Vous lancez un nouveau plan stratégique 2018-2020, et cette orientation en fait partie.

P.-Y. D. : Tout à fait, nous offrirons, au-delà de la gestion privée et de la banque privée, des services de gestion de fortune et de family office aux dirigeants. Nous accélérerons notre modernisation et notre transformation avec la migration vers un nouveau système d’information, également utilisé par les Banques Populaires. L’autre sujet d’avenir, c’est la transmission d’entreprise. Dans les 10 ans, une ETI sur 2 sera transmise : il faut s’en occuper dès maintenant.

Comment les accompagnez-vous ?

P.-Y. D. : Nous sommes déjà en accompagnement des transmissions, des restructurations capitalistiques. Si dans les dispositifs de la future loi Pacte, il y avait des ouvertures en ce sens, nous réfléchirions à faire évoluer nos offres pour améliorer davantage encore nos services aux ETI.

Quel regard portez-vous sur l’internationalisation des ETI françaises ?

P.-Y. D. : Pour beaucoup d’ETI, leur terrain de jeu, c’est le monde entier ! J’ai en tête une entreprise stéphanoise qui exporte dans plus de 60 pays ! Depuis 4-5 ans, notre service Trade a rééquilibré ses activités vers l’Asie, qui devient une évidence pour la plupart des entreprises. L’Afrique s’ouvre à son tour, malgré les risques géopolitiques.

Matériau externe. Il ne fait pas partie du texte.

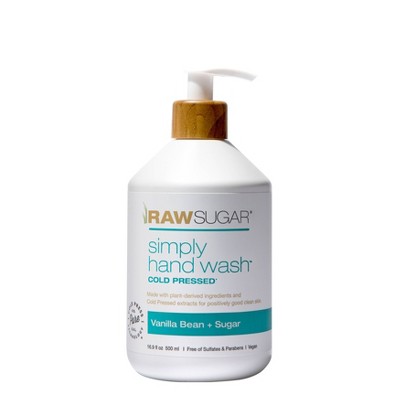 Raw Sugar Simply Hand Wash Vanilla Bean + Sugar - 16.9 fl oz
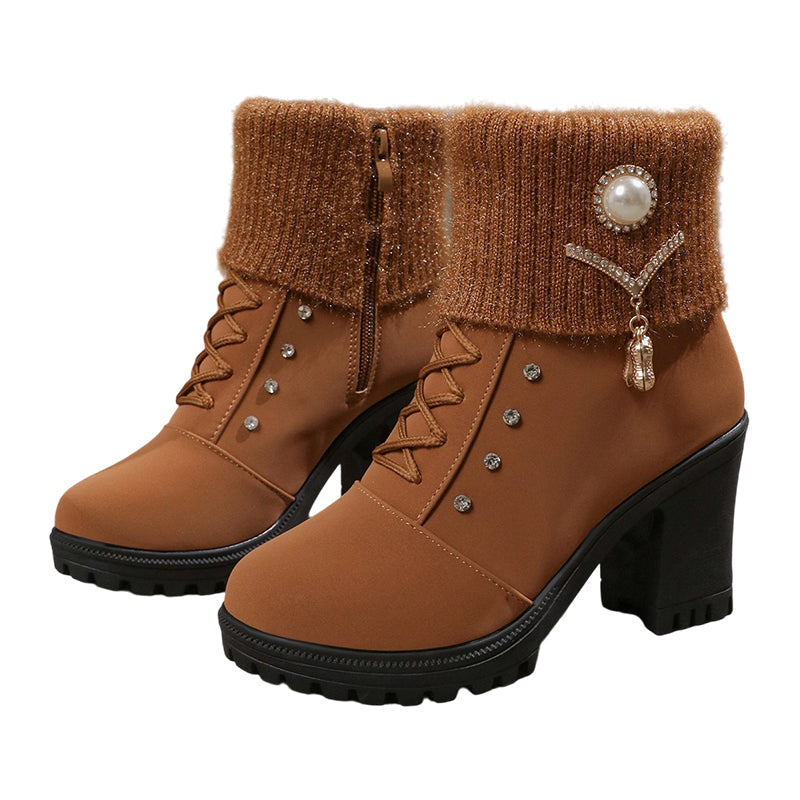 🔥 LAST DAY PROMOTION - 50%OFF 🔥Women's Thick Warm Chunky Heel Boots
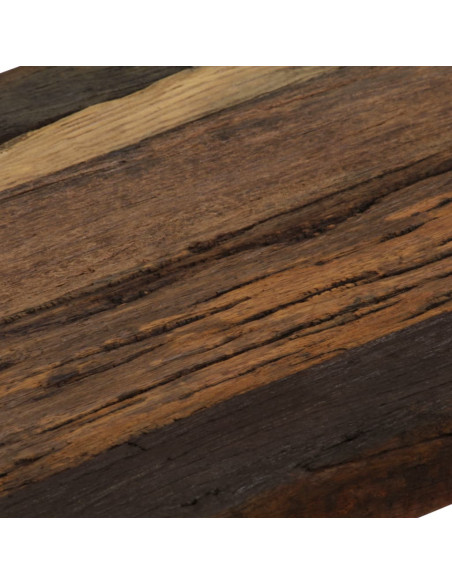 Consolle in Legno di Recupero e Acciaio 120x35x76 cm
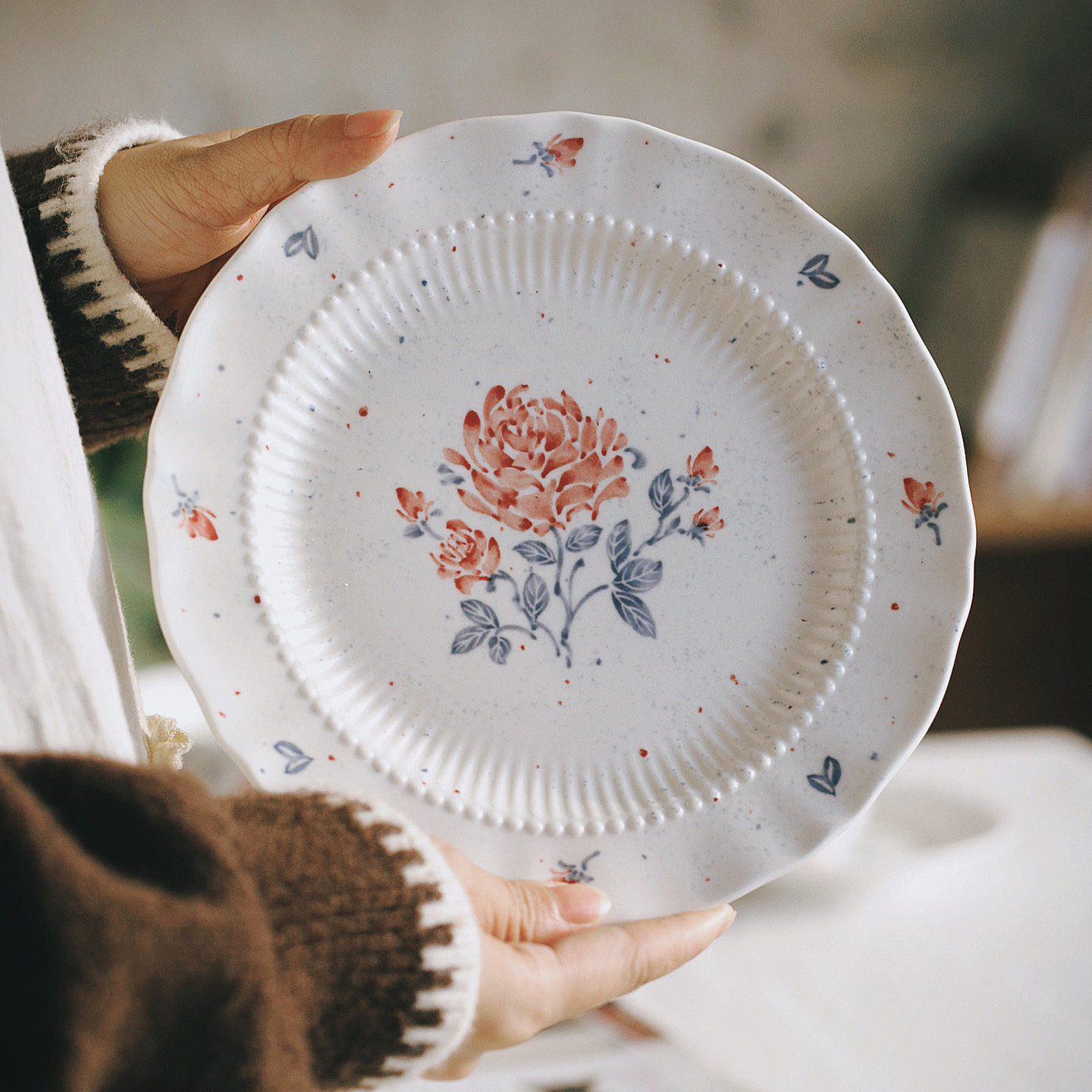 拾器集哑光盘子新中式漂亮好看高颜值甜品水果点心零食碟茶歇摆盘,餐饮具,盘,淘宝优惠券,粉丝福利购,淘宝优惠卷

« Nous réfléchissons d’ailleurs à la manière dont nous pourrions aider les ETI à réaliser cette révolution digitale »

Quelles sont les préoccupations du moment lorsque vous rencontrez des entrepreneurs ?

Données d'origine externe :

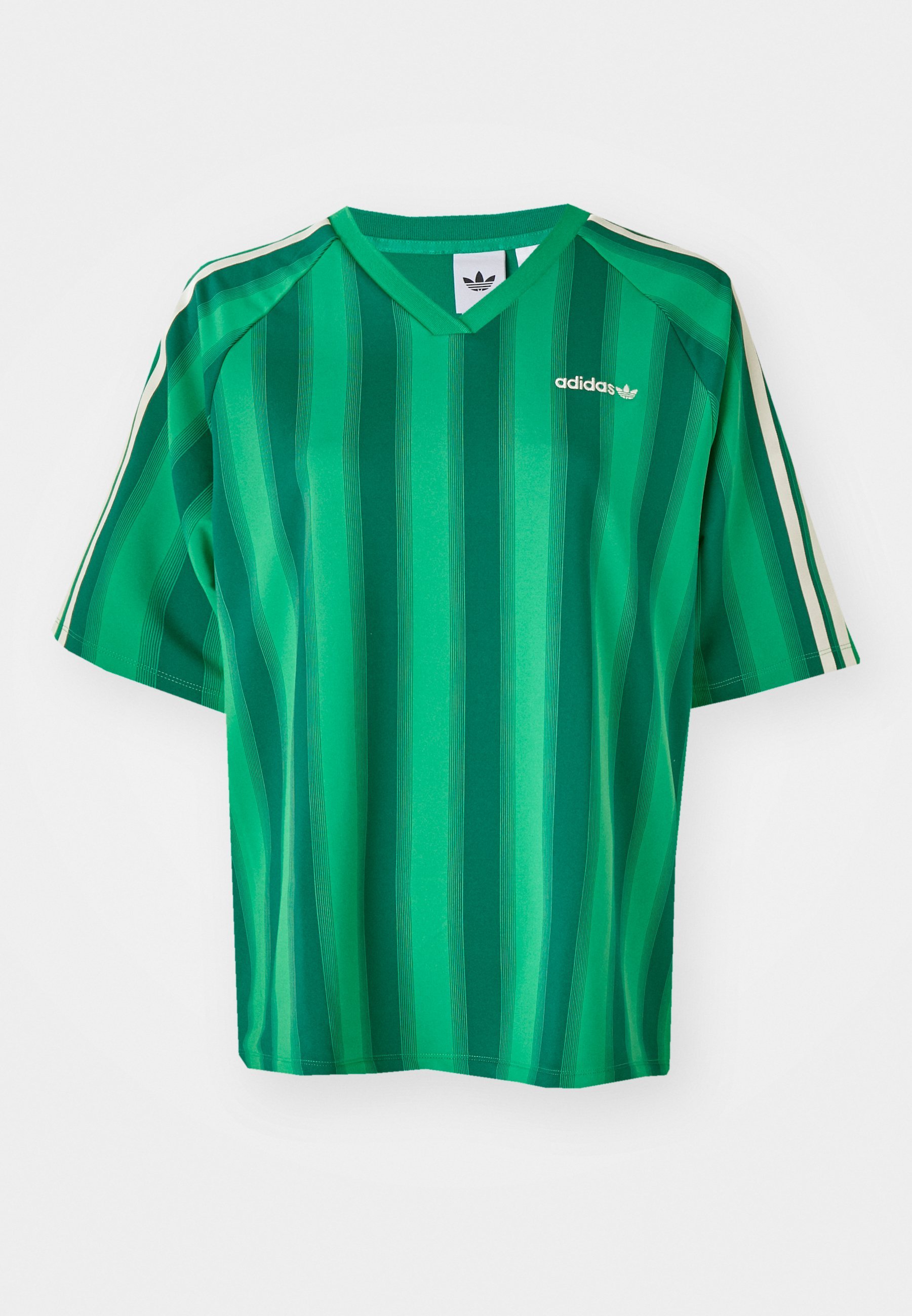 adidas Originals LINEAR T-shirt - T-shirt met print - groen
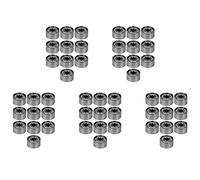 Reeatel 50Pcs Miniature Rubber Sealed Metal Shielded Metric Radial Ball Bearing Model: 692 ZZ 2X6X3MM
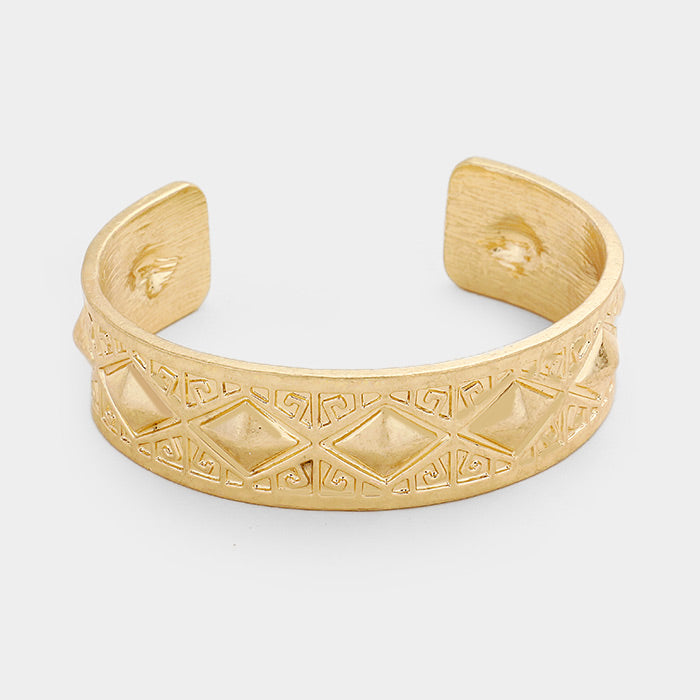Gold Embossed Cuff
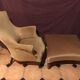Chair and footrest set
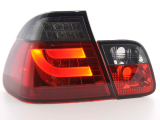BMW 3 sorozat E46 szedán (98-01 évjárat) vörös/fekete LED-es hátsó lámpa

P.-Y. D. : La digitalisation apparait clairement comme un sujet de réflexion. On parle beaucoup d’objets connectés dans l’industrie, de capteurs dans l’agroalimentaire… Et bien entendu, de l’impact du numérique sur les canaux de distribution. Nous réfléchissons d’ailleurs à la manière dont nous pourrions aider les ETI à réaliser cette révolution digitale, via un écosystème que nous mettrions à leur disposition. Nous y travaillons avec des partenaires. L’autre sujet de préoccupation, c’est le niveau des taux d’intérêt, historiquement bas, voire négatifs pour certains placements.

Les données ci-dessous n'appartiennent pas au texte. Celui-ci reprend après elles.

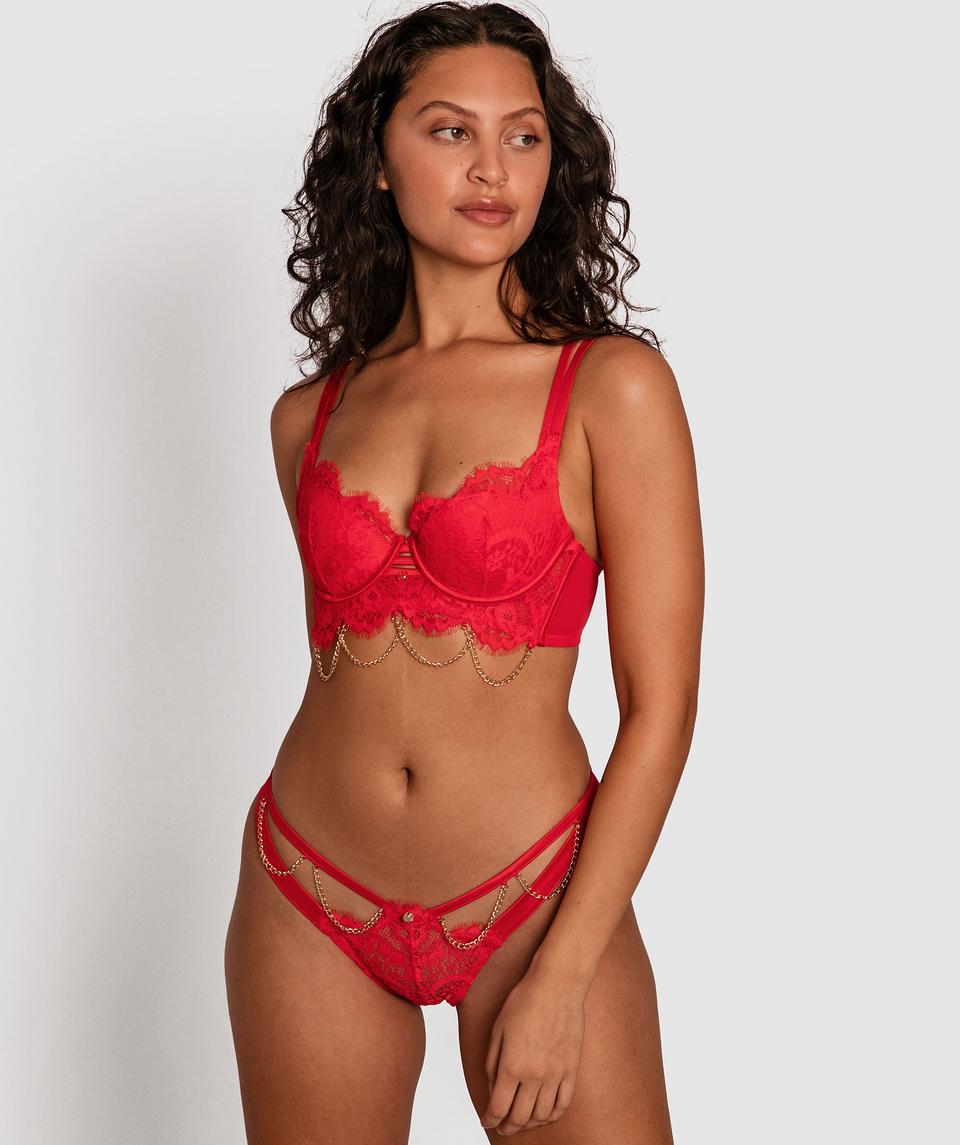 Vamp The Heart Breaker Push Up Bra - Red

Partagez-vous les inquiétudes de certains spécialistes qui craignent l’éclatement d’une bulle liée aux valorisations boursières excessives ?

P.-Y. D. : Je partage les craintes exprimées récemment dans vos colonnes par Loïc Féry (voir JDE N°370) au sujet du niveau de valorisation du marché américain, qui est historiquement élevé. Le marché français, lui, reste assez volatil. Globalement, on assiste à des niveaux de valorisation des entreprises qui se rapprochent de ceux constatés en 2007-2008, ce qui tend les deals, mais je ne parlerai pas encore de « bulle » à ce stade.

Comment se présente votre exercice 2018 ?

P.-Y. D. : Nous sommes sur une très belle tendance, avec un portefeuille d’ETI qui a cru de 30% au cours de notre dernier plan stratégique. Notre conquête en gestion privée a quadruplé en cinq ans. Nous allons faire une belle année 2018. Nous sommes très bien positionnés en termes de conquête corporate. Dans notre nouveau plan stratégique, nous préparons également une migration informatique importante, avec un investissement supérieur à 50 millions d’euros. Nous serons donc beaucoup plus digital dans trois ans, mais afin d’être plus relationnel, car notre modèle est fondé sur la proximité, du dirigeant au conseiller, à travers une cinquantaine de points de vente en France, et surtout chez les clients, en permanence.

Vous allez également lancer prochainement une fondation des ETI. De quoi s’agit-il ?

P.-Y. D. : L’idée est de faire de l’entrepreneuriat un vecteur d’intégration sociale en direction des jeunes, en insistant sur la notion de fondation collaborative, en associant des chefs d’entreprise à la prise de décision. Ce sera une fondation sous égide, abritée par la Fondation Entreprendre, et nous travaillerons en étroite collaboration avec notre partenaire, le Mouvement des entreprises de taille intermédiaire (METI).